志織はカーリーになってはいなかった。なので、ダビデの箱は俺が持っている。一キロ離れた先に志織が居る。
海に破棄しようとしたが、なんか可哀想な気がしたからだ。
志織は俺の思いを受け入れてくれた。今までのカーリーにも動けないカーリーがいて、ピラミッドの地下奥にも存在してる。と言っていた。
バミューダ海域の魔のトライアングルもそうかも。と志織は言った。
ダビデの箱を背負いながら一人歩く。でも一キロ先に志織がいる。一人だけど一人ではない。
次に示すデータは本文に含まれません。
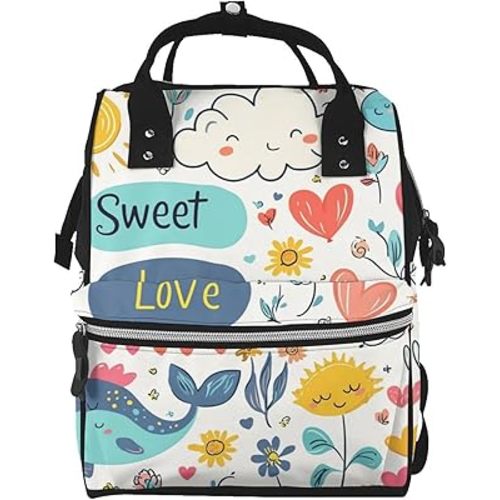 Diaper Bag Backpack for Moms and Dads – Waterproof Baby Changing Backpack with Changing Pad, Insulated Bottle Holders & Large Capacity – Multi-Function Travel Baby Bag Marine life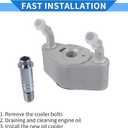 Engine Oil Cooler Kit Compatible for Ford F-150 2011-2023, Durable Aluminum Alloy Silver Tone Transmission Oil Cooler with Bolt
俺はある意味無敵になった。ダビデの箱を持ってる限り。誰も近寄れない。分かる場所に埋めようと思う。何処に埋めたらいいか考える。考える時間はいくらでもある。
荒れ果てた道路や看板。朽ち果てている家屋。何十年後には、どこもかしこも綺麗に変わってるだろう。
変わらないのは俺と志織だけ。そしてカーリー。ダビデ。
審判のトキを迎えたのは一ヶ月くらい後の夜。多分七時くらい。ボストンの島にある志織の家。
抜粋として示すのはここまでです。